→ What to do
Exactly reproduce the lines from the one containing "121 South Yates" through the last line of the data, both ends included, leaving out pictures.
Data segment: Begin
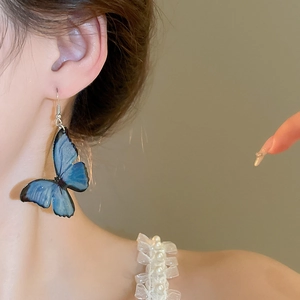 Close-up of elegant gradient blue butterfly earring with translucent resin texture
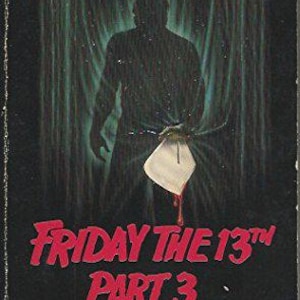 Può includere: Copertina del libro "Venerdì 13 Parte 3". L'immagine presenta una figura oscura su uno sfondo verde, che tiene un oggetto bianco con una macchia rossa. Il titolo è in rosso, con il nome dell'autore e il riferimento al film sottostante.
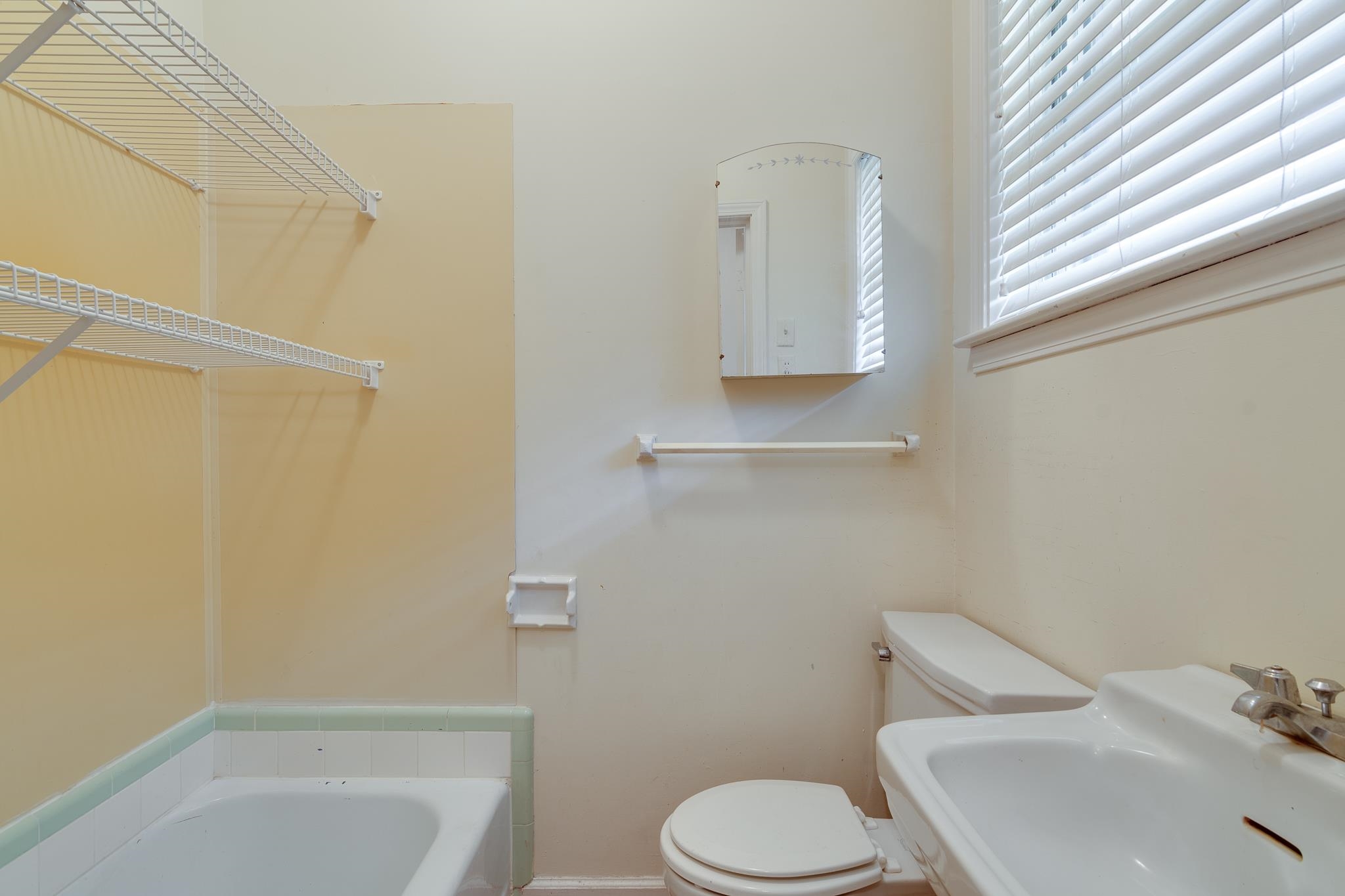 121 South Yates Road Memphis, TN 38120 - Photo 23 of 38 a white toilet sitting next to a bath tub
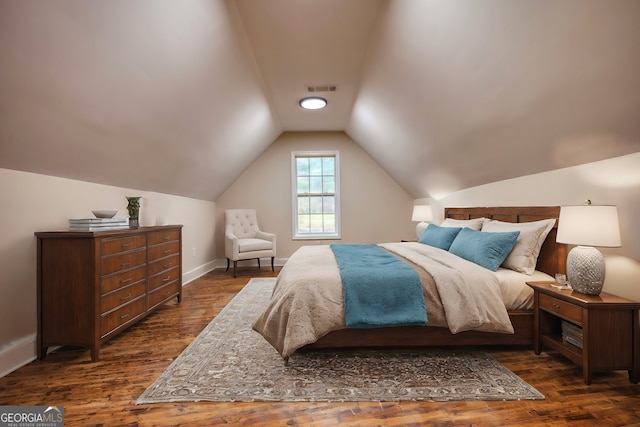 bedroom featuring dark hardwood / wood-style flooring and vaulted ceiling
Data segment: End
→ Output of the exercise
 121 South Yates Road Memphis, TN 38120 - Photo 23 of 38 a white toilet sitting next to a bath tub
 bedroom featuring dark hardwood / wood-style flooring and vaulted ceiling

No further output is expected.